● To do
Only the lines from the one containing "this 640×428 image." through the final line of the material below should be output, exactly as they stand.

● Material to process

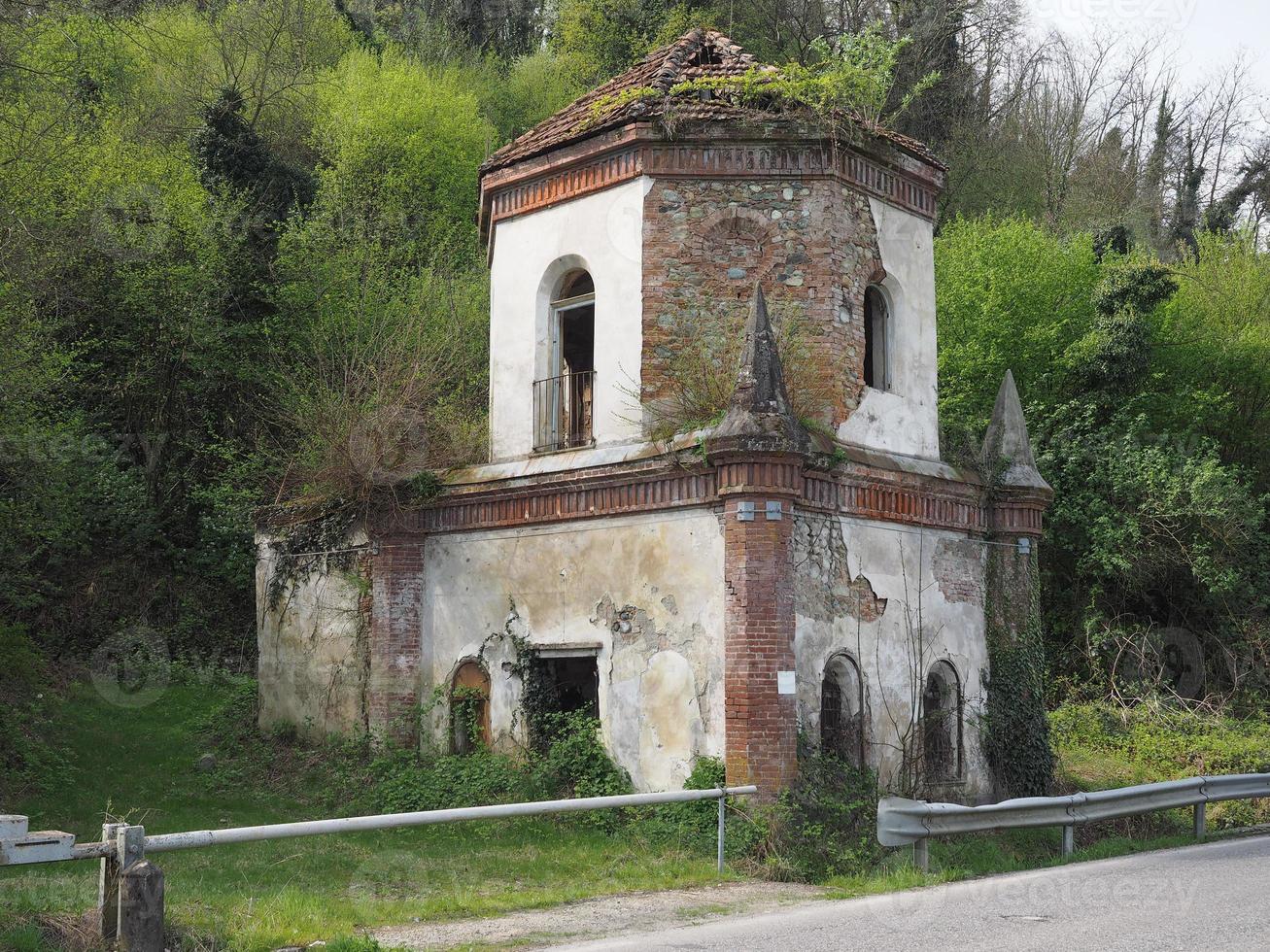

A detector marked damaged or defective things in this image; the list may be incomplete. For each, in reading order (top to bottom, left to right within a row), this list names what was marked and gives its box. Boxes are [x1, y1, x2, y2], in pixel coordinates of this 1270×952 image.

broken window opening [536, 268, 595, 455]
broken window opening [863, 284, 890, 392]
broken window opening [451, 661, 490, 758]
broken window opening [816, 653, 867, 765]
broken window opening [921, 657, 960, 785]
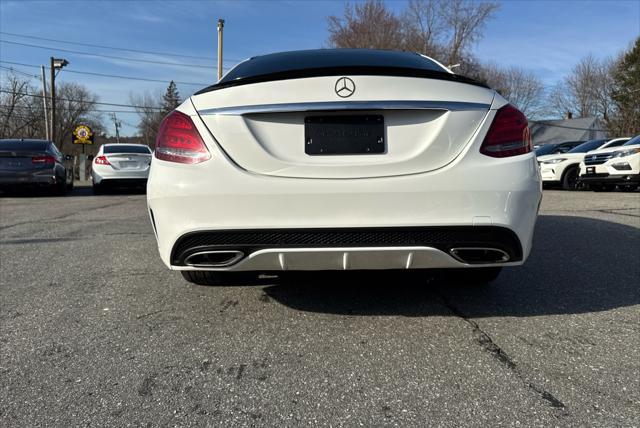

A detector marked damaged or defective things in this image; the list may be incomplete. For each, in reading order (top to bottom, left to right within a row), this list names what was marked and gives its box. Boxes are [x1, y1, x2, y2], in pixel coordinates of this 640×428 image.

pavement crack [440, 290, 564, 412]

● Result
A detector marked damaged or defective things in this image; the list may be incomplete. For each, in reading order (top to bottom, left to right within a row), this list names what was marked and gives its box. Boxes are [x1, y1, x2, y2], in pixel coordinates of this 640×428 image.

pavement crack [440, 290, 564, 412]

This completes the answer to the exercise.